Similarly mean of accuracy (MoA) metric estimates the mean or average rank at which desired song is found for every query. The proposed strategy yields MoA in the range 59.23–45.32 % with scale levels one to ten. Experimental results demonstrate that MoA decreases with higher scale levels of MME estimation as depicted in Fig. 3. This is an indication that mean or average rank of the retrieved song decreases with increase in scale levels of MME estimation.

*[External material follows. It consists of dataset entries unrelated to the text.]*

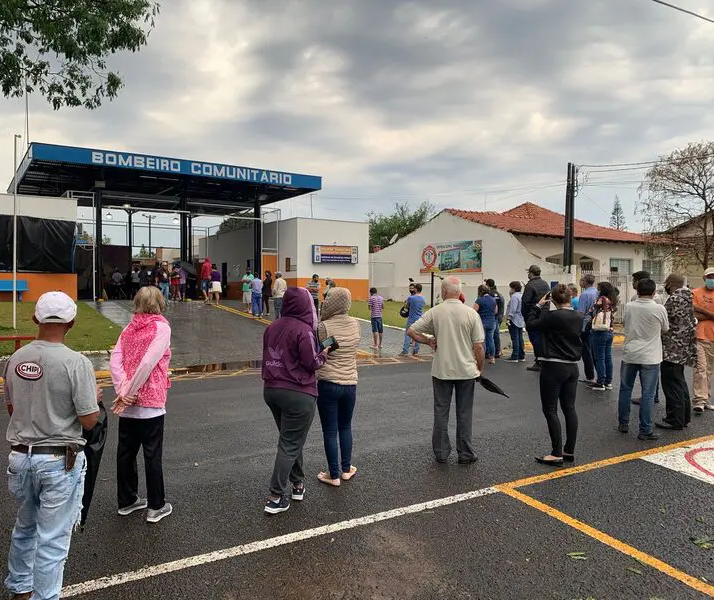 Moradores de Jandaia do Sul fazem fila para retirar lonas após vendaval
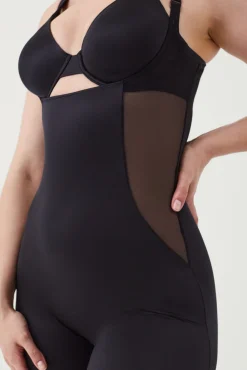Spanx Roupa Interior-Body calça abaixo do peito tule e cetim Shaping cetim preto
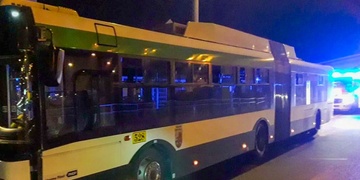 Ženu srazil trolejbus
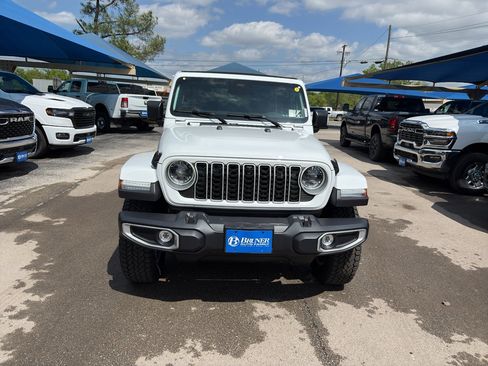 New 2026 Jeep Wrangler Unlimited Sahara AWD/4WD image 2
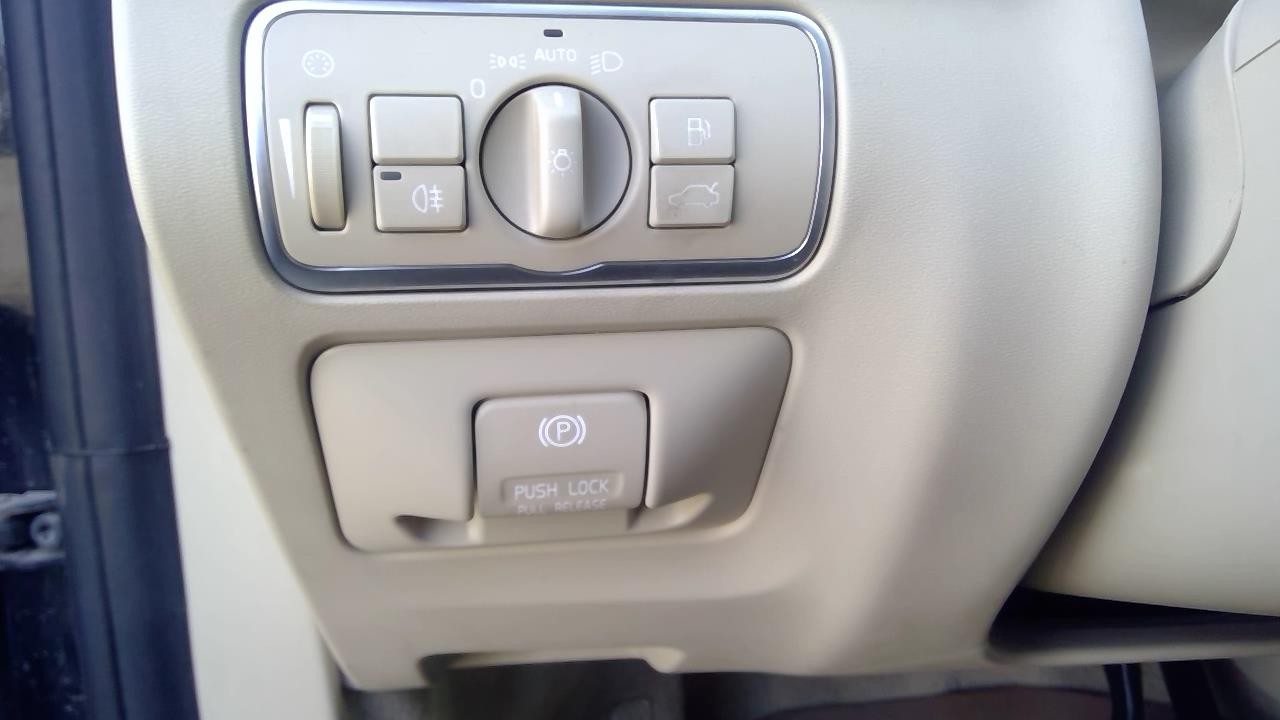 https://f005.backblazeb2.com/file/img-partshotlines-com/Inventory/EX466/Vehicle/9655_06.jpg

The third performance measure the Top X Hit Rate is employed to calculate approximately the percentage of successful queries. The different scale level of MME estimation procedure has significant effect on Top X Hit Rate and same is portrayed in Fig. 3. The Top X Hit Rate varies between 71.91 to 89.90 % for X value 10 and 1–10 scale levels of MME estimation. More humming queries return the desired song in the top 10 list when the scale level of MME estimation is increased from 1 to 10. The proposed QBH system based on MME exhibits significant performance in terms of accuracy, MRR and MoA metrics.

8 Conclusions

This paper is an attempt to exploit the advantages of Multiscale Entropy Analysis technique for estimating regularity and complex structure of music signals. Here, MME feature vectors are employed to represent music melody for music search through QBH system. Also, music melody is indexed through MMEB Kd tree to support fast and accurate search in the database to produce effective music retrievals. Proposed approach yields sensible performance by returning the desired song within the top 10 hits 89.90 % of the time and as the top hit 69.72 % of the time on a database with 1,000 songs and 1,350 fragments. Exhaustive exploration of the possibility of combining Multiscale Entropy Analysis techniques is to be considered in future work.